Гребенщиков пел «рок н ролл мертв а я еще нет» Цой решил умереть подчеркнув жизнь своих песен, дав им дыхание осени. Черный альбом голос с того света, полу мистическое чувство невозможности небытия, откровение перед гибелью. «… И я вернусь домой со щитом а может быть на щите, в серебре а может быть в нищите...» Бог вернулся на небо… Цой – Бог, не сотвори себе кумира… — все смешалось. Людям разрешили верить, заполнились пустые храмы, возникли новые. Языческий третий Рим скинул с пьедестала идолов, погибший мессия – ожидание Воскресенья. Мы заходим в Церковь. Берем с десяток свечей. Родные, друзья – живые и мертвые. Все требуют какого то языческого поминовения. Ну вот вроде дань отдана всем, но нет осталась свеча. – «Давай за Цоя, » — предлагает Евгений Николаевич. Я даже не знаю что ответить, два года проведенные в Церкви, куда шагнул под влиянием пост – Цоевского романтизма, научили, за некрещеных нельзя. А был ли он крещен, даже не знаю, панихиды то по нему служили. Но тогда, он сам был почти пророк – и об этом как то и не задумывались. Вспоминается какая то дальняя родственница, ни разу не виденная но точно крещенная. Романтика переезжает на ночную кухню, где тихо что бы не дай Бог не разбудить жену вспоминается и поминается старое… Мемориальные пляски на гробах – страх Гребенщикова не оправдался, на могиле живые цветы как и пятнадцать лет назад, худенькие юноши и девушки, восьмиклассники. Мода вещь скоротечная, Цой доказал временем что не стал ею, он остался последним романтиком. Загадочным Моро посетившим Алма – Ату и мир, и растворившимся в ночи, слившись с ней черным цветом своей одежды «… я люблю ночь, за то, что в ней меньше машин...» — следи за собой будь осторожен. Чувство ответственности за тех, кого приручили – сколько попыток удачных и не очень, уйти вслед. Чувство полной опустошенности, сказки с несчастливым концом – усталость от бесконечной войны между землей и небом. Жажда пути возникает- выстрел Курта Кобейна, слабым отголоском пронесется немного позже. Чужой язык, мышление – лишь подобие по настоящему тоскливого декаданса с адреналином борьбы. Дон Кихотовскими мельницы, размалывающие в труху, время, события и судьбы.

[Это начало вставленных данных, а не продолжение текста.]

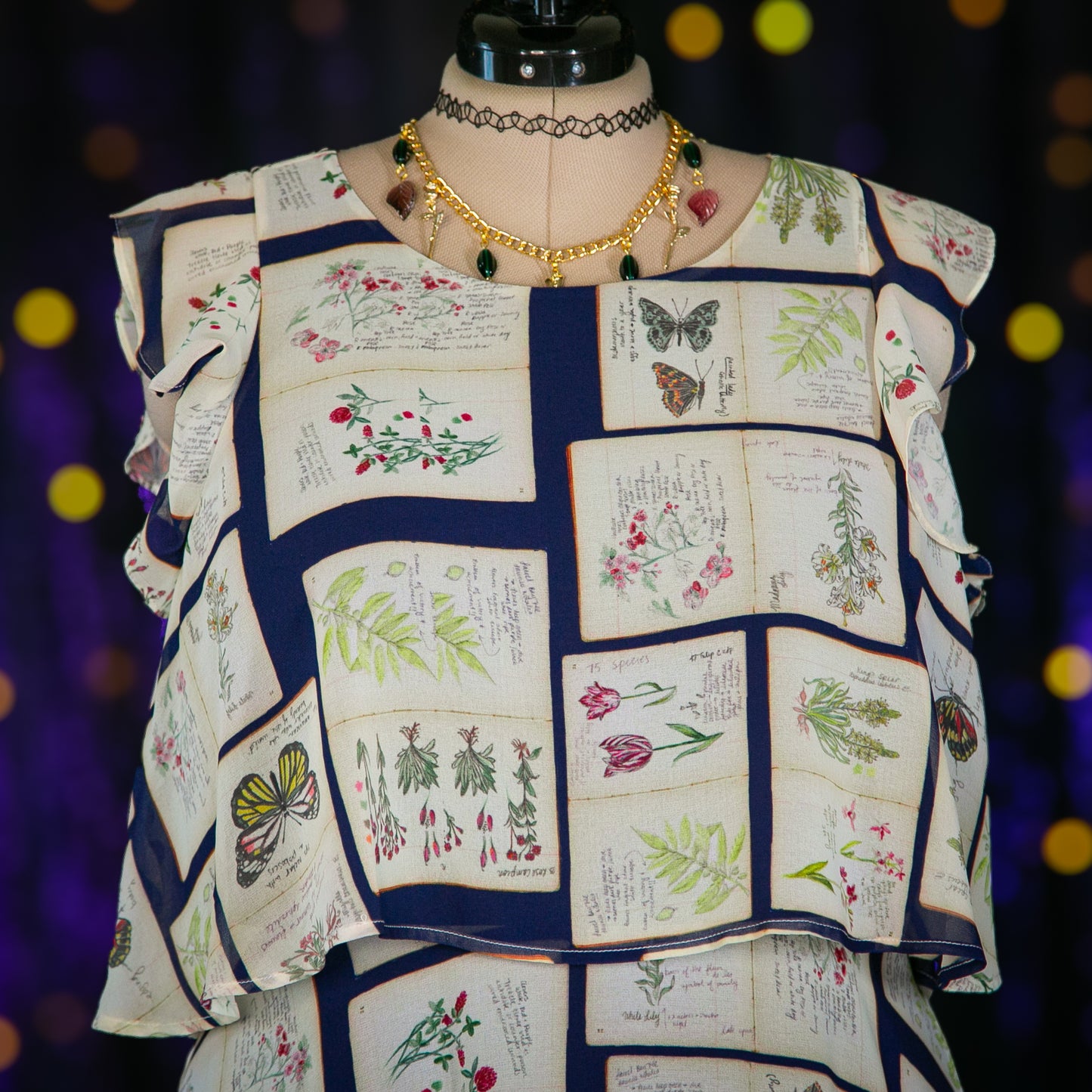 botany journal dress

— Да, дорого бы я отдал, что бы родится в то время… — мой собеседник случайно встреченный в «Меломане» пацан, лет 15- ти, серьга, майка с портретом Цоя, стянутый в растрепанный хвостик волос. Налицо развитие сегодняшнего бизнеса атрибутики, вчерашнее приглашение в РОВД, письмо в школу, ПТУ, на работу родителям. Комсомольский разнос, лишение 13 зарплаты отца… То время… Знакомство происходит около стенда с МР – 3 дисками. Он берет «Кино», продавец советует приобрести альбом… Приходится объяснять, что в официальной дискографии такого нет. Послесмертие создало больше чем прижизненное творчество. Сборники, концерты, пропущенные через компьютер и где то утратившие магию присутствия. Мечта о том времени, – а выжил ли он бы там? Представление о нем у нынешних фанатов, в большинстве своем выросших после смерти кумира самое отдаленное. Но Цой не захотел покинуть его, а этот паренек мечтает вернуться туда – родство душ, связующая нить не подчиненная никаким законам. Стук зовет в дорогу, в сердце в дверь. Стук копыт, мешающий уснуть, тревожащий сон. В городе мне жить или на выселках, камнем лежать или гореть звездой? – тревожный вопрос произнесенный на пороге, ответить на который сможет только время.
В этом году в Москве установят памятник Виктору Цою – музыкант сидит на мотоцикле, словно на минуту остановившись перевести дух, чтобы продолжить свой путь дальше. Ведь улицы ждут…
З.Ы. А памятник вроде так и не поставили...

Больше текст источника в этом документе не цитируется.